Впоследствии, объясняя свою деятельность за это время, граф Растопчин в своих записках несколько раз писал, что у него тогда было две важные цели: De maintenir la tranquillite a Moscou et d'en faire partir les habitants. [Сохранить спокойствие в Москве и выпроводить из нее жителей.] Если допустить эту двоякую цель, всякое действие Растопчина оказывается безукоризненным. Для чего не вывезена московская святыня, оружие, патроны, порох, запасы хлеба, для чего тысячи жителей обмануты тем, что Москву не сдадут, и разорены? – Для того, чтобы соблюсти спокойствие в столице, отвечает объяснение графа Растопчина. Для чего вывозились кипы ненужных бумаг из присутственных мест и шар Леппиха и другие предметы? – Для того, чтобы оставить город пустым, отвечает объяснение графа Растопчина. Стоит только допустить, что что нибудь угрожало народному спокойствию, и всякое действие становится оправданным.
Все ужасы террора основывались только на заботе о народном спокойствии.
На чем же основывался страх графа Растопчина о народном спокойствии в Москве в 1812 году? Какая причина была предполагать в городе склонность к возмущению? Жители уезжали, войска, отступая, наполняли Москву. Почему должен был вследствие этого бунтовать народ?

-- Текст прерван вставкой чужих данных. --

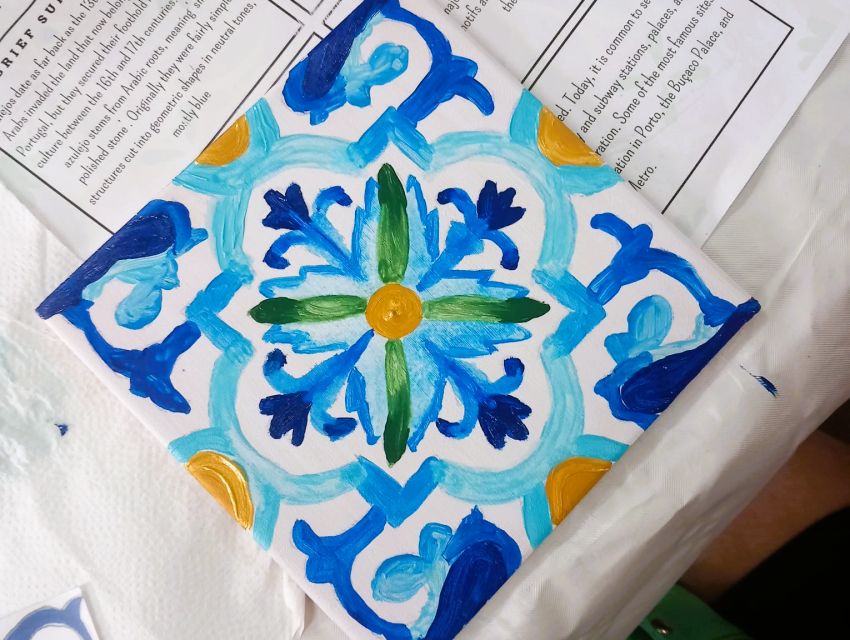 Porto: Tile Painting and Cocktails in Downtown Porto - Painting with a cocktail in hand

Не только в Москве, но во всей России при вступлении неприятеля не произошло ничего похожего на возмущение. 1 го, 2 го сентября более десяти тысяч людей оставалось в Москве, и, кроме толпы, собравшейся на дворе главнокомандующего и привлеченной им самим, – ничего не было. Очевидно, что еще менее надо было ожидать волнения в народе, ежели бы после Бородинского сражения, когда оставление Москвы стало очевидно, или, по крайней мере, вероятно, – ежели бы тогда вместо того, чтобы волновать народ раздачей оружия и афишами, Растопчин принял меры к вывозу всей святыни, пороху, зарядов и денег и прямо объявил бы народу, что город оставляется.